I was told that pulling grass could be a very meditative process. If the grass is too deeply rooted to be pulled by hand, you must use a pickaxe. When you do this, you have to be careful to aim your pickaxe to get at the base and pull the roots out completely or else the grass will grow back. Once pulled, there is a layer of soil clumped to the roots that is important to shake off back onto the ground to provide a layer of higher quality soil. The grass is then laid in a pile to be used as mulch for the plants in the syntropic agroforestry system. The whole process does end up being rather meditative, and I’ve come to enjoy it.



Origen del Agua


I’ve also participated in in some regenerative work in Orígen del Agua which is being spearheaded by Joe’s ex-wife Jessica and her partner Oswaldo, an expert on native birds, ecological restoration, and the territory as a whole. The goal for the day was to transport various plants from Oswaldo and Jessica’s houses to Orígen del Agua via truck. This proved to be no simple task as we ran into road construction and streets blocked by cars, delaying our intended arrival. These sorts of interruptions seem fairly typical for Colombia, which is not so strict with schedules like in the United States, so I viewed it all as a bit of a cultural learning opportunity. Lifting and moving all the heavy bags of plants potted in soil was difficult work, but this sort of hard work was what I was hoping to do in Barichara.

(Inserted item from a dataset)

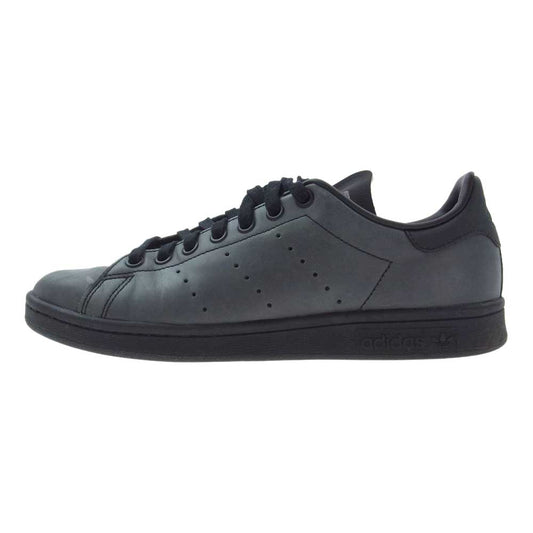 adidas アディダス H05478 STAN SMITH スタンスミス CBLK/CARB/BLME ブラック系 26cm【中古】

Putting some real physical energy into regenerative work felt really great after having talked so much about it for the last eight months in Earth Regenerators; there really is no replacement for actually getting out there and physically doing the work of regeneration.

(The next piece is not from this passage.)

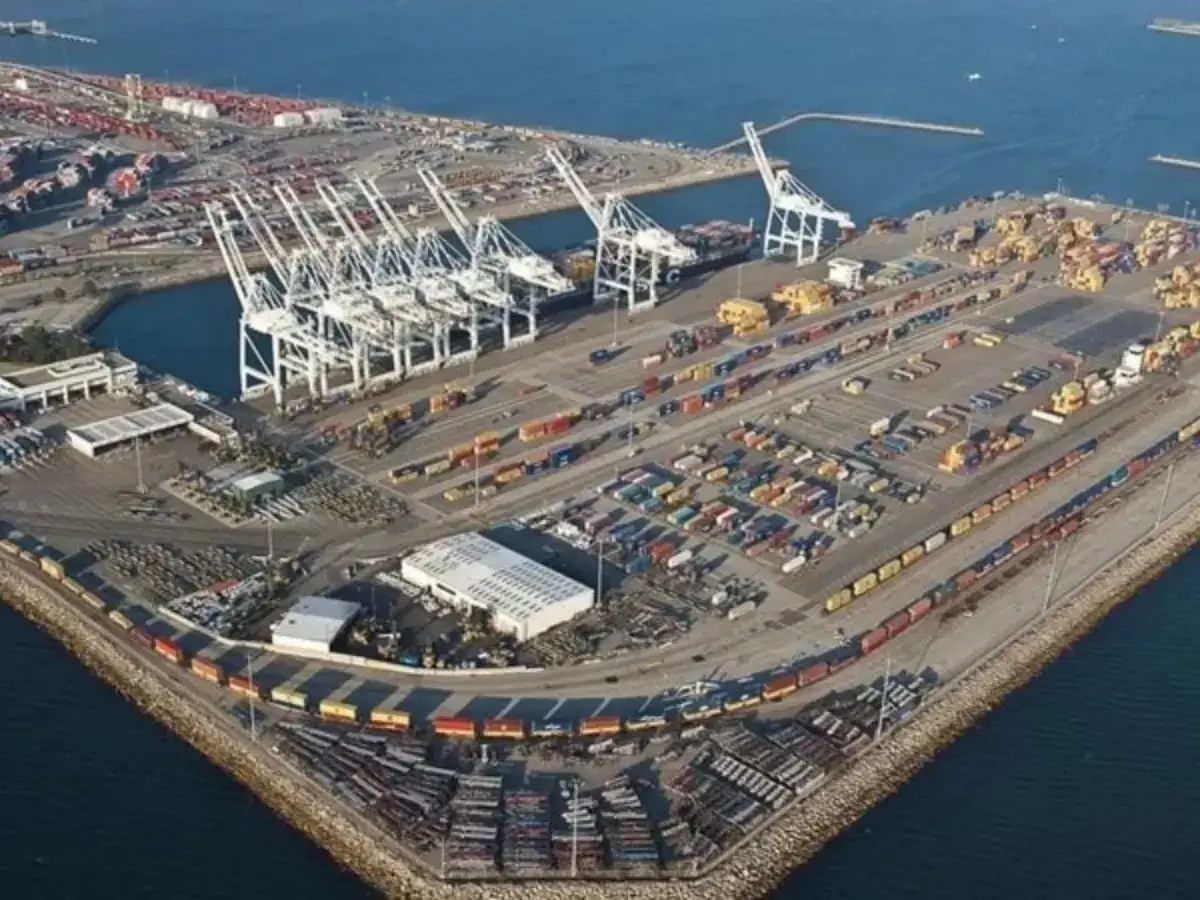 Chabahar Port, Iran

Jessica was another great individual to meet with a lot of knowledge about the land and regenerative work. Communication with Oswaldo, who only spoke Spanish, was a bit more difficult, and Jessica had to serve as translator. When she wasn’t there, it led to some pretty hilarious situations with me trying to figure out what I was being directed to do by Oswaldo. Even using the most basic Spanish, I sometimes still couldn’t quite figure out what was being said, but it was still all good fun. Despite the language barrier, I could tell the deep knowledge of this territory that Oswaldo held and was very appreciative to be able to help out with this important work. Still, I highly recommend learning at least a bit of Spanish if you come here; the more the better.



Jakob and me at the Bioparque after pulling grass


My approach in coming to Barichara was the same as my engagement with Earth Regenerators: go with the flow, see what emerges, and move towards where you feel you can best lend your support. So far, this has felt like it has worked well, and much more has happened here than what I could fit into an already long post. I have met so many wonderfully interesting and authentic individuals and had so many deep and important conversations.

On the night I first got here, Penny and Joe took me out to dinner, and one of the things we discussed was the deep importance of feeling embodied, both within oneself and with the land. This has always been something I have had difficulty with, and I am attempting to use my opportunity here to learn to feel into this sort of groundedness. I have begun to work on this by spending time alone in the Bioparque just sitting in awareness of all the complexity that is around me. This has already helped in ways I had not fully expected. I have felt moments of deep connectedness that I have never experienced before, and I’m working to deepen this awareness every day. This is truly a magical place with magical people doing magical work and I feel beyond grateful that I am able to play even a small part in the work being done here. If it is within your ability, I highly recommend coming here; there is just so much to learn.